The mine is about to be radically restructured and the message from both executives appeared to be that management’s permitted time frame in which a turnaround will be delivered has been chopped back.
That’s despite accompanying positive statements by Holland such as that: “I still believe in the future of South Deep because if we did not we would not have selected this option. The (management) team believes in it and they want to give it a go”.
Holland described the restructuring now under way as being aimed at “buying time” through “right-sizing” the cost base of the mining operation to the current level of production at South Deep which he said was “flat lining”.
The long-term future of South Deep depends on getting into the area known as “north of Wrench” where full-scale mechanisation mining methods can be used to recover the estimated 10 million oz gold reserve there.
In July, Holland told Miningmx that it could take up to another three years for operations to transition into north of Wrench and commented: “I think we have to give that a go.
“With the money we have put in, I don’t think this is something we should just walk away from. We should certainly work out how to make it profitable over the long-term even if it’s not as profitable as we originally thought it would be ten years ago,” he said.
But today Holland commented: “We have spent a lot of capital on opening up the north of Wrench. We know what’s there, but it’s a question of getting to it. Although we see a future there we cannot afford to burn the amount of cash that we are currently burning while we wait to get there. Carrying on as we are losing R3m a day is not a good option for us”.

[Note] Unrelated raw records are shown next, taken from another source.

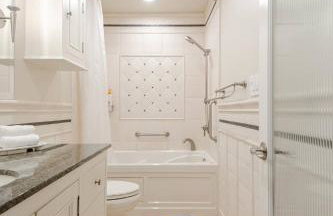 Amazing days Spa Pool Villa near Disney & Beaches - Foto 122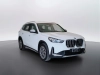 BMW X1 X1 xdrive20d mhev 48V X-Line auto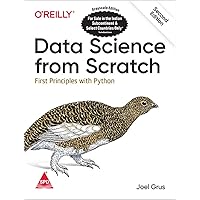 Buy Deep Learning from Scratch: Building with Python from First ... image.
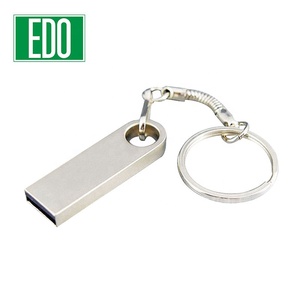 สร้อยข้อมือเชื่อมต่อด้วย2.0ขนาด512GB แฟลชไดรฟ์ USB 32 GB 30เมตร/วินาทีความเร็วสูง - Product Image 6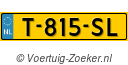 T815SL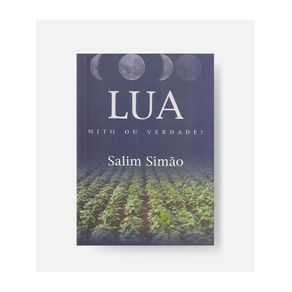 1153595.jpg 1153595.jpg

Holland deflected a question on how much Gold Fields might still be prepared to lose at South Deep to Schmidt who replied: “The next six months are critical. We have to work through the restructuring – if that does happen. The short-term goal is to get the mine back to an all-in cost of R525,000/kg”.
South Deep’s all-in cost for the six months to end-June was R715,353/kg. Achieving the R525,000/kg target would restore South Deep to a break-even or marginally profitable position at current dollar gold prices and rand/dollar exchange rates.
Holland added: “Let’s assume we get through this restructuring – and I think this restructuring is not going to be easy – and fast forward to February next year. We need to know that we have a credible plan and that we are starting to see that we are meeting what we say we are going to do on a week-by-week and month-by-month basis.
“The thing that would cause Paul and I lose more confidence is if we continue to miss targets. Whatever we set out for ourselves post all of this we have to hit”.